▸ AIM OF THE EXERCISE
Every entry that follows should be written out again exactly.

▸ Dataset records
# # # # #
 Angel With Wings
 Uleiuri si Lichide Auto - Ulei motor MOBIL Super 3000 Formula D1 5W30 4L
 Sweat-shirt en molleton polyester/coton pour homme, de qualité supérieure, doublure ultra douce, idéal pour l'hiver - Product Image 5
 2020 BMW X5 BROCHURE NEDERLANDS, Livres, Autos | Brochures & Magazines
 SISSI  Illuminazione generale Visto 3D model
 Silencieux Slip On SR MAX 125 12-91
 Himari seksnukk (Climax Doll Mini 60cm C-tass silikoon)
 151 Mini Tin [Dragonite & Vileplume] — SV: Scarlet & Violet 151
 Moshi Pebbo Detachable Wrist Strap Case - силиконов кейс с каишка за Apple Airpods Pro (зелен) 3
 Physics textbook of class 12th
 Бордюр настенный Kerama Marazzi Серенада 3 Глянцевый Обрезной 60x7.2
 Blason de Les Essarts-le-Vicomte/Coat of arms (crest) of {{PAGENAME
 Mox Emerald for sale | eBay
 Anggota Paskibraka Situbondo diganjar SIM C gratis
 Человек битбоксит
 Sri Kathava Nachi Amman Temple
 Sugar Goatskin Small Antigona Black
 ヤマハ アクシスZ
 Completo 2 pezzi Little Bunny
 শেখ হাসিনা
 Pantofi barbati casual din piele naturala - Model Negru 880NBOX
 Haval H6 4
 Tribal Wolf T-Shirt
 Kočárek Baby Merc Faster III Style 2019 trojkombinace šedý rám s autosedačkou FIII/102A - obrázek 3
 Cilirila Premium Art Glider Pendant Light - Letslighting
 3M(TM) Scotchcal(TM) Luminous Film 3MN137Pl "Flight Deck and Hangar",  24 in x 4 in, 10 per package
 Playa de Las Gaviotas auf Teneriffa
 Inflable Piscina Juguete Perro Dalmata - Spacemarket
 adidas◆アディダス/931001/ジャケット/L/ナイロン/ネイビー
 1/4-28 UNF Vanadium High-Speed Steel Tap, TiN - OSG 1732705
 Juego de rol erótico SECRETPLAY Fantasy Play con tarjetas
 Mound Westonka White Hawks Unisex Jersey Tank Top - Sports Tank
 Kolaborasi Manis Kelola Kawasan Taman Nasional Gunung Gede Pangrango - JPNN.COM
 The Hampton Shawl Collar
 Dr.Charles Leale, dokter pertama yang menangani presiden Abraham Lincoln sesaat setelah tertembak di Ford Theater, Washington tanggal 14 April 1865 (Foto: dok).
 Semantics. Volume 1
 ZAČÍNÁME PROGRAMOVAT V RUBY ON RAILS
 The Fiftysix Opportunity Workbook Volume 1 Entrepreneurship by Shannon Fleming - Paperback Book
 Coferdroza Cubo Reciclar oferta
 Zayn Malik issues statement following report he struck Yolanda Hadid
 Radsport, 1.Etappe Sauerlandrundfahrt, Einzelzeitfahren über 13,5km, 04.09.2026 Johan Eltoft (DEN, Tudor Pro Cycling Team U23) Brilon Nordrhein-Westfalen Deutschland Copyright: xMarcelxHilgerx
# # # # #
▸ ANSWER FOR THIS EXERCISE
 Angel With Wings
 Uleiuri si Lichide Auto - Ulei motor MOBIL Super 3000 Formula D1 5W30 4L
 Sweat-shirt en molleton polyester/coton pour homme, de qualité supérieure, doublure ultra douce, idéal pour l'hiver - Product Image 5
 2020 BMW X5 BROCHURE NEDERLANDS, Livres, Autos | Brochures & Magazines
 SISSI  Illuminazione generale Visto 3D model
 Silencieux Slip On SR MAX 125 12-91
 Himari seksnukk (Climax Doll Mini 60cm C-tass silikoon)
 151 Mini Tin [Dragonite & Vileplume] — SV: Scarlet & Violet 151
 Moshi Pebbo Detachable Wrist Strap Case - силиконов кейс с каишка за Apple Airpods Pro (зелен) 3
 Physics textbook of class 12th
 Бордюр настенный Kerama Marazzi Серенада 3 Глянцевый Обрезной 60x7.2
 Blason de Les Essarts-le-Vicomte/Coat of arms (crest) of {{PAGENAME
 Mox Emerald for sale | eBay
 Anggota Paskibraka Situbondo diganjar SIM C gratis
 Человек битбоксит
 Sri Kathava Nachi Amman Temple
 Sugar Goatskin Small Antigona Black
 ヤマハ アクシスZ
 Completo 2 pezzi Little Bunny
 শেখ হাসিনা
 Pantofi barbati casual din piele naturala - Model Negru 880NBOX
 Haval H6 4
 Tribal Wolf T-Shirt
 Kočárek Baby Merc Faster III Style 2019 trojkombinace šedý rám s autosedačkou FIII/102A - obrázek 3
 Cilirila Premium Art Glider Pendant Light - Letslighting
 3M(TM) Scotchcal(TM) Luminous Film 3MN137Pl "Flight Deck and Hangar",  24 in x 4 in, 10 per package
 Playa de Las Gaviotas auf Teneriffa
 Inflable Piscina Juguete Perro Dalmata - Spacemarket
 adidas◆アディダス/931001/ジャケット/L/ナイロン/ネイビー
 1/4-28 UNF Vanadium High-Speed Steel Tap, TiN - OSG 1732705
 Juego de rol erótico SECRETPLAY Fantasy Play con tarjetas
 Mound Westonka White Hawks Unisex Jersey Tank Top - Sports Tank
 Kolaborasi Manis Kelola Kawasan Taman Nasional Gunung Gede Pangrango - JPNN.COM
 The Hampton Shawl Collar
 Dr.Charles Leale, dokter pertama yang menangani presiden Abraham Lincoln sesaat setelah tertembak di Ford Theater, Washington tanggal 14 April 1865 (Foto: dok).
 Semantics. Volume 1
 ZAČÍNÁME PROGRAMOVAT V RUBY ON RAILS
 The Fiftysix Opportunity Workbook Volume 1 Entrepreneurship by Shannon Fleming - Paperback Book
 Coferdroza Cubo Reciclar oferta
 Zayn Malik issues statement following report he struck Yolanda Hadid
 Radsport, 1.Etappe Sauerlandrundfahrt, Einzelzeitfahren über 13,5km, 04.09.2026 Johan Eltoft (DEN, Tudor Pro Cycling Team U23) Brilon Nordrhein-Westfalen Deutschland Copyright: xMarcelxHilgerx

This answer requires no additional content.